Are we mere tourists in our
Own as yet unexplained lives?
Shall our paths sweetly meet
Just as we once hoped they would?
Unseen the hidden Aare
Leaving the lake undisturbed,
Flowing on, who knows where,
And the lake so beautiful,
Just as it always was, there.

"The Rivals" are the characters in Wagner's Die Meistersänger von Nürnberg, speaking in groups of sonnets. First comes Hans Sachs: "My eyes and tongue are mortal enemies." Then Sixtus Beckmesser:

We each have this unique tremendous chance,
Luck carelessly worn, the gift of song,
The formula for love learned at a glance:
And then you realise you got it wrong.
But it is yours. Still is. You live with it,
This vast mistake committed without coercion.

[...]

... The spider on the shelf
Knows everything a spider needs to know.

[...]

It all comes to a preparation for
This moment. It gathers with proprietary
Fondness like a father at the door,
Hiding, to hear the ending of a story
That once when he was young he thought he knew.
It is the forbidden second chance of time.
It is the chalk scrawl of equations, true
At the proof.
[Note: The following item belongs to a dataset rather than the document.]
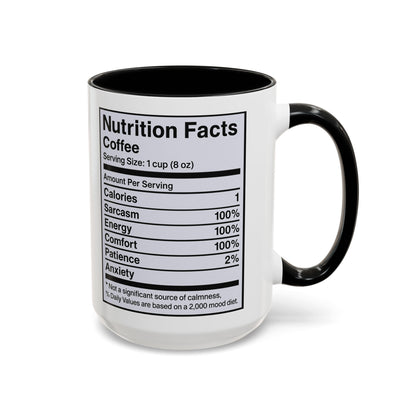 Humorous Coffee Nutrition Facts Mug, Funny Gift for Coffee Lovers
It is the undiscovered crime
That lies behind the questions of the present,
A history of expectation and
The characters of pleasant and unpleasant
Pieces in a game as yet unplanned
But somehow played already. It's a mad
Look at the future you've already had.

Then Sachs responds to Beckmesser in a third and final set of sonnets:

Why did I think that love itself would win
And so create the only thing it makes?
Song is the beauty we are perfect in.
Song is the interest our self-loathing takes.
How can we claim desire at second-hand
Or offer prizes to unhappiness,
Lonely as ever when we take our stand
And closing palms mock with their loud address?
Better to give, if giving there must be,
The things that can be shared only in art
And soothe the feelings with new melody:
Better the rules are broken than the heart.
Songs will redeem our passions if we let them.
Songs are the means by which we can forget them.

After this wonderful opening, this final section also contains some more strong passages:

The song is his, and somehow he conceived it
Out of an air electric with his urge
To be, and bring to being.

[...]

Your life outstretching mine simply in years
Defines a dizzy breach too deep to mend,
Both wound and weapon, fantasy and fears.
I see it waiting for you, undefined
Except as waiting.

After "The Rivals," Fuller returns to Switzerland with "Brahms in Thun," a poem in unrhymed iambic pentameter sestets. As with "The Solitary Life," it is lines that first grab me:

The voice is hers, and yet the song is his ...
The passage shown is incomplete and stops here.